* What you have to do
Return each line of the listing exactly, though without its images.

*** Begin section ***

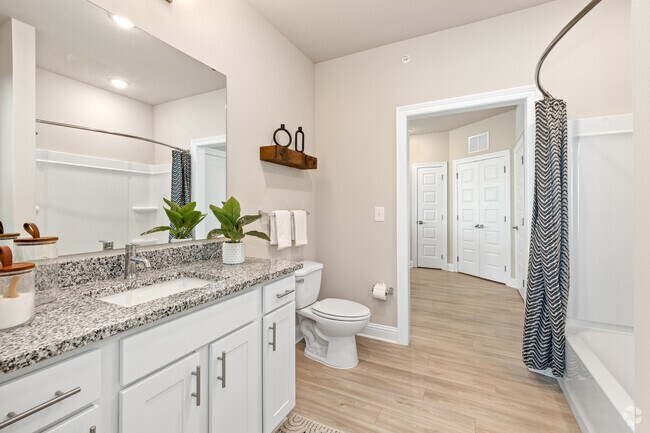 The Cape: 1BA, 1BR- Bathroom - Flats at East Bay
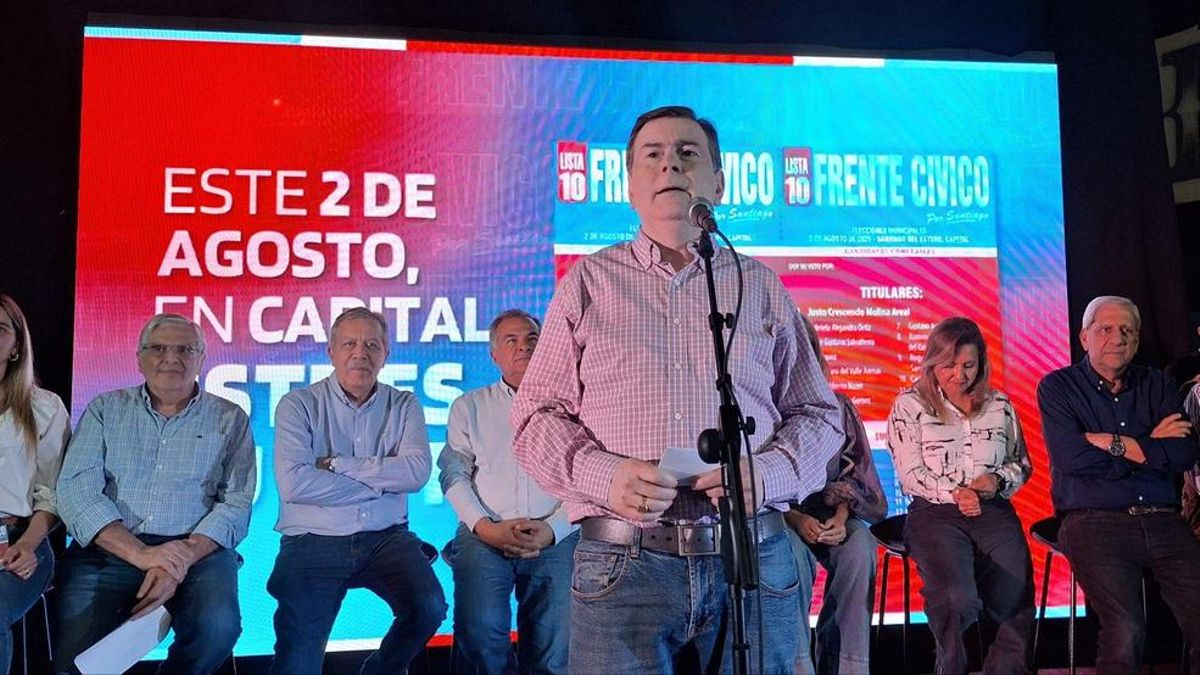 El Frente Cívico de Gerardo Zamora arrasó en las municipales de Santiago del Estero y dejó lejos a LLA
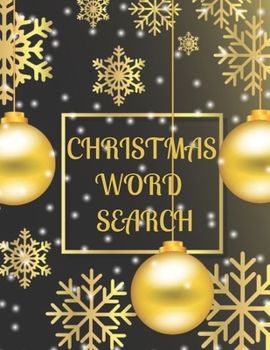 Paperback Christmas Word Search: A Fun Activity Book for Kids or Adults with Solutions Large Print Book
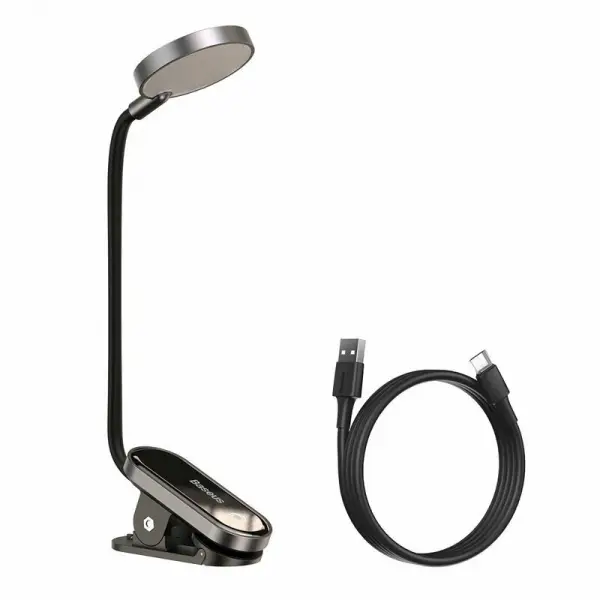 Lampa Led Birou Baseus Comfort Reading Mini Clip, Gri DGRAD-0G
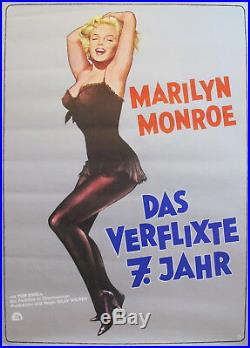 1974 German Marilyn Monroe Vintage Movie Poster, Seven Year Itch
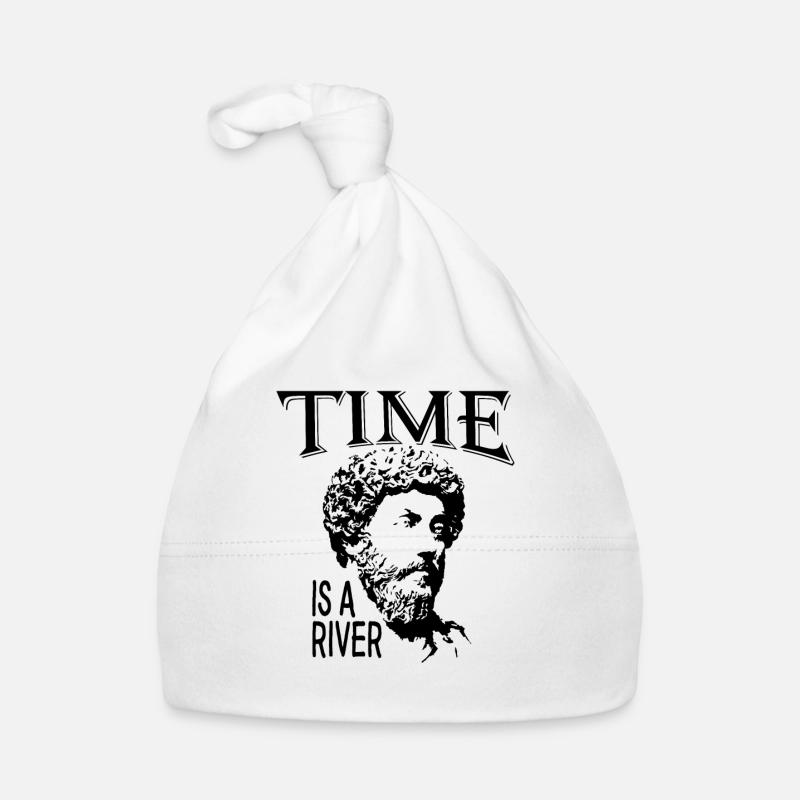 Le temps est une rivière | Marc Aurèle Père de Bonnet bio Bébé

*** End section ***

* Completed task
 The Cape: 1BA, 1BR- Bathroom - Flats at East Bay
 El Frente Cívico de Gerardo Zamora arrasó en las municipales de Santiago del Estero y dejó lejos a LLA
 Paperback Christmas Word Search: A Fun Activity Book for Kids or Adults with Solutions Large Print Book
 Lampa Led Birou Baseus Comfort Reading Mini Clip, Gri DGRAD-0G
 1974 German Marilyn Monroe Vintage Movie Poster, Seven Year Itch
 Le temps est une rivière | Marc Aurèle Père de Bonnet bio Bébé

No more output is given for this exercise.